Friday, 19 October 2012

3 Ways to Make Right Angle Weave Spectacular



If you haven’t tried Right Angle Weave yet than don’t be deterred: the stitch is really not that hard, and as I have already discovered is as simple as doing the dosado.
One of the great things about right angle weave is the diversity of the stitch, the possibilities are endless. But for those needing a place to start, here are three simple methods you can utilise to expand on the basic stitch.

First: Colour

I know this may seem obvious, but the basic template of the right angle weave stitch is a great asset for creating unusual patterns of colour. Of course you can create pretty much any pattern you like- see right angle weave patterns for a fantastic turtle, butterfly and peacock pattern. But even the simplest strategic placement of colour can create something quite unique. When choosing your colour scheme think about what aspects of the pattern you want to highlight. Perhaps you want to accentuate the diagonals, or maybe you want to create crosses, perhaps it is the vertical, or horizontal axis. Be creative, explore and experiment with colour - its not like your painting the walls in your house. You can always start again!

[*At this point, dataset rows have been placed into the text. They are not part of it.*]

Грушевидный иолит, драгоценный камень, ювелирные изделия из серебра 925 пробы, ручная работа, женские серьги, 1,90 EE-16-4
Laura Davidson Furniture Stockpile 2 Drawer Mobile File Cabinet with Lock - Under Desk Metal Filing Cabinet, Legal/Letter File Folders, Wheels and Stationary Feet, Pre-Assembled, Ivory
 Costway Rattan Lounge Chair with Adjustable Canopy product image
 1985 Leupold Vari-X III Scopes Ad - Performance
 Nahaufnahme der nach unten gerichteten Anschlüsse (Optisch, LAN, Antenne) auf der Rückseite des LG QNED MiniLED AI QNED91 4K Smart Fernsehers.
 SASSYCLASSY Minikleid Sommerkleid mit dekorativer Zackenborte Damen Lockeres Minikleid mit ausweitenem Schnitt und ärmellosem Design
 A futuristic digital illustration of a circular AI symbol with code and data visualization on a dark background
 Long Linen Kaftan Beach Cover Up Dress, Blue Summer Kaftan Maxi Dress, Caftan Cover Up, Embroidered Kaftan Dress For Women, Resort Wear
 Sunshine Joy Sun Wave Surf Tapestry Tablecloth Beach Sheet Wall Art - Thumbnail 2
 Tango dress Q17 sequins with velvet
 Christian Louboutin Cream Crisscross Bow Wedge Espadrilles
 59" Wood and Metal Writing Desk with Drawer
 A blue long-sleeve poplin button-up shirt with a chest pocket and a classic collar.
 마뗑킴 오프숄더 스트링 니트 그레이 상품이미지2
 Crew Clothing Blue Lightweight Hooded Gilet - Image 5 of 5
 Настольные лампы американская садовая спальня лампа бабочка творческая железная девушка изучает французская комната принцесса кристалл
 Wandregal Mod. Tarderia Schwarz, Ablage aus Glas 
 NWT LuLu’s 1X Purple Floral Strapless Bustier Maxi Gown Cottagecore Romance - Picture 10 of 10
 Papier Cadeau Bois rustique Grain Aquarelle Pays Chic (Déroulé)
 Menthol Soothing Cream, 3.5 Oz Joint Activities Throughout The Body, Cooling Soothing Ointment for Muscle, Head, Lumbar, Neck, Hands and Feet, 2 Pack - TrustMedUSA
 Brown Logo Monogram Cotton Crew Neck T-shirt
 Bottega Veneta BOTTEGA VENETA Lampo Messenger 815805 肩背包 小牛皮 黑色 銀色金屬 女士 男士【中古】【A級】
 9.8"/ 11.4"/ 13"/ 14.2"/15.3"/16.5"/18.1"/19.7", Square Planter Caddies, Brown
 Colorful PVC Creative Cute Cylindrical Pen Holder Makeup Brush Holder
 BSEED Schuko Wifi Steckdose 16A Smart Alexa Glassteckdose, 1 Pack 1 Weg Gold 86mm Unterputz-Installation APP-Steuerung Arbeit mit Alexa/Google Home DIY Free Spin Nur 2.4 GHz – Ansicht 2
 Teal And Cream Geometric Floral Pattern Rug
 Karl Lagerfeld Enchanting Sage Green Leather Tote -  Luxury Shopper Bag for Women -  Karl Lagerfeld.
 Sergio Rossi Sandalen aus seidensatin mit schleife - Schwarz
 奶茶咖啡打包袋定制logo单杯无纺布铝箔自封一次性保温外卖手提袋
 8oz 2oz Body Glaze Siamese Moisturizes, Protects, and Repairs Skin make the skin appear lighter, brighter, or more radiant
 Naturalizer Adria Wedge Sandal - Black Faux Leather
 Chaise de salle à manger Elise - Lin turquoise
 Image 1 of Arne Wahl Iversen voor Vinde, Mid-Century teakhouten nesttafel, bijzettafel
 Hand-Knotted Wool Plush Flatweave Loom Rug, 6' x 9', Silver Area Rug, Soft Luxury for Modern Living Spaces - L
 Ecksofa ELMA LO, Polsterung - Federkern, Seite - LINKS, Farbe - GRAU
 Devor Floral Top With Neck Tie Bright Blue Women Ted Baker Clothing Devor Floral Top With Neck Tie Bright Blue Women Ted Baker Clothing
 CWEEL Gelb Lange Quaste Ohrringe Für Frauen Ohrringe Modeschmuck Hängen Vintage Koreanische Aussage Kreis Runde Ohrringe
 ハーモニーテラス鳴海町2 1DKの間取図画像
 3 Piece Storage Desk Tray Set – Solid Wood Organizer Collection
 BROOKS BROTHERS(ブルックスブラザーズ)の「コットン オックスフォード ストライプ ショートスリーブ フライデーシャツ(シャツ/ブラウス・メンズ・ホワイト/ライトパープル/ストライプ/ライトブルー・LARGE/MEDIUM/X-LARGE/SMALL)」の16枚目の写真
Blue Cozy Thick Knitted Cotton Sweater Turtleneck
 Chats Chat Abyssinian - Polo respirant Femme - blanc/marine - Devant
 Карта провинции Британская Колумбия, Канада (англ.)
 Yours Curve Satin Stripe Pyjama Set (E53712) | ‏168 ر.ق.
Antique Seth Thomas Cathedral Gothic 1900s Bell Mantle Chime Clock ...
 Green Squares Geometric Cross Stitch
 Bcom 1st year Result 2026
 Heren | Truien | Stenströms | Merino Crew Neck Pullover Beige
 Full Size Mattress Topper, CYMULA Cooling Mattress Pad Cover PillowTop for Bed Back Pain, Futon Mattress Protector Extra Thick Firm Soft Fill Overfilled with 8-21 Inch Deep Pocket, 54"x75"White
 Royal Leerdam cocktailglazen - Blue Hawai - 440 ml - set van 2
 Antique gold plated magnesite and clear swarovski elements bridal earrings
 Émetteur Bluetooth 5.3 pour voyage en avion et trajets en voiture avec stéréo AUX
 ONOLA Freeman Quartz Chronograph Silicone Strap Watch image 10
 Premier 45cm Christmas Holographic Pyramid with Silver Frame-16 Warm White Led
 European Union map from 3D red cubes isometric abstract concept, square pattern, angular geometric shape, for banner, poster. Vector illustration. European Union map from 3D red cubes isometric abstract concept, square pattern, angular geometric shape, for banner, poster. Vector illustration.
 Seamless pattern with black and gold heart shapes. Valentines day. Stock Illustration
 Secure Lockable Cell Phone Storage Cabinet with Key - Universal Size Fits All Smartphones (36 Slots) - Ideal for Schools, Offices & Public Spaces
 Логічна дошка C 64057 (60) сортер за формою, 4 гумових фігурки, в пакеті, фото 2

Second: Create different unit dimensions

My tutorial on right angle weave I explain how to stitch a basic pattern based upon 1 x 1 units. One of my favorite ways to expand on right angle weave is to create a pattern with differing dimensions of height to width. The right angle weave bracelet is an example of right angle weave utilising 3 x 3 units (forming squares). Basically, this is once again just a matter of trial and error. Here is a pattern for 1 x 3 units. Note, the red beads are larger than the pink; this of course is another way to achieve a different effect. You could even exchange the three side pink beads for bugle beads. Play around with different bead sizes and different dimensions.





Third: Create more than one variation of unit dimension

Okay so I’ve already discussed the possibility of creating different unit dimensions. Now, expanding on this idea, you can alternate different unit dimensions between each row, or each new unit you stitch. This is a great way to come up with some very spectacular, not to mention, complex looking designs.

To stitch the pattern below follow the sequence:
The first row: 1 x 1 unit, 1 x 2 unit (repeat).
The second row:  2 x 1 unit, 2 x 2 unit (repeat).
The third row: 1x1 unit, 1 x 2 unit (repeat).
Note that the first and third row are the same.